Here is the feature.
After watching it, ANS readers will quickly say 'Wait! What? That's it? What about concepts like regression to the mean or the winner's curse? Wouldn't they explain what we see in the data? We did cover those considerations in detail on camera, but they just didn't make the cut. In defense of the producers, they only have a few minutes to tell an interesting story, and it has to appeal to a broad audience. It's just the nature of the medium.
For those curious, here's a brief discussion on why we see performance decline after big contracts:
- Total performance actually tends to increase (total yds, total TDs).
- But per play performance, which is a better measure for several reasons, tends to decrease.
- This is likely due to 'regression to the mean', which is an inescapable tendency in any measure with a random component: Teams give big contracts to players who have 'breakout' seasons, expecting outlier performance to continue. In reality, big seasons are nearly impossible to repeat because so much depends on factors beyond a single player's control--offensive line, opponents, scheme, random luck.
- Also, teams may feel compelled to give a newly signed star RB more carries than perhaps they should to justify their investment in him. This would explain why total cumulative stats increase, while per play stats decrease.
- The Winner's Curse: This is a phenomenon of auctions, widely studied in behavioral economics. Signing (or re-signing) FA RBs is basically an auction for his services. In auctions, the bidder who is most likely to mistakenly overestimate the value of the prize is the one who ends up winning the auction. This is why teams (and their fans) are so often disappointed in big-name FA players.
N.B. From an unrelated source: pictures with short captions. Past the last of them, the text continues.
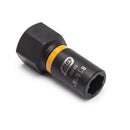 GearWrench 1/4"DR Bolt Biter -8MM (-5/16) - GWR-84754 | GarageAndFab.com
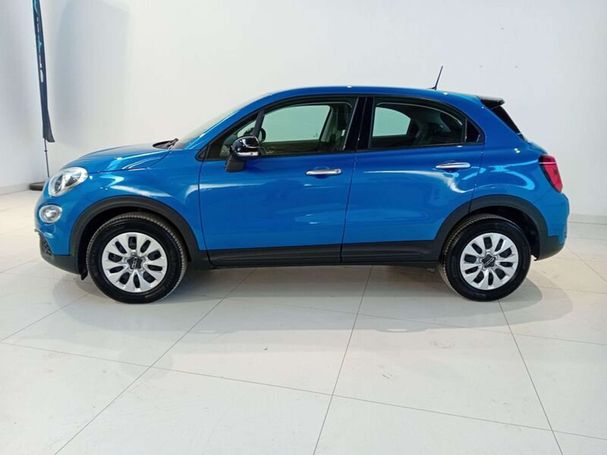 Fiat 500X 1.0 88 kW image number 7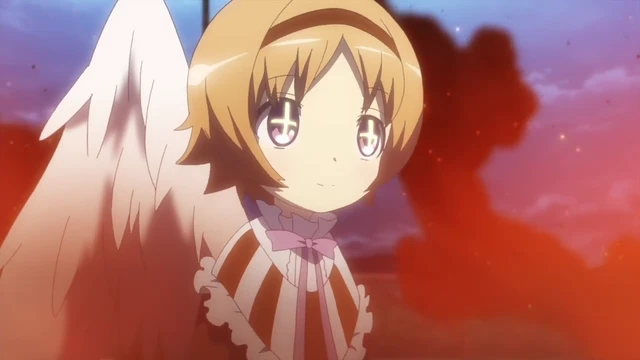 Episódio 09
- By definition, SB winning team naturally peaks in a championship season due to a confluence of factors--health, age, opponents, luck, etc. There's no reason to expect those factors to repeat themselves. If they did, we might see the same team win the SB year after year.
I can't say enough good things about the producer I worked with and those behind the scenes. They genuinely worked hard to get all the numbers and ideas right. When I get my own series I promise to do a two-episode special on riveting concepts like regression to the mean. Can you say 'Ratings Bonanza'? Cha-ching...talk about incentives!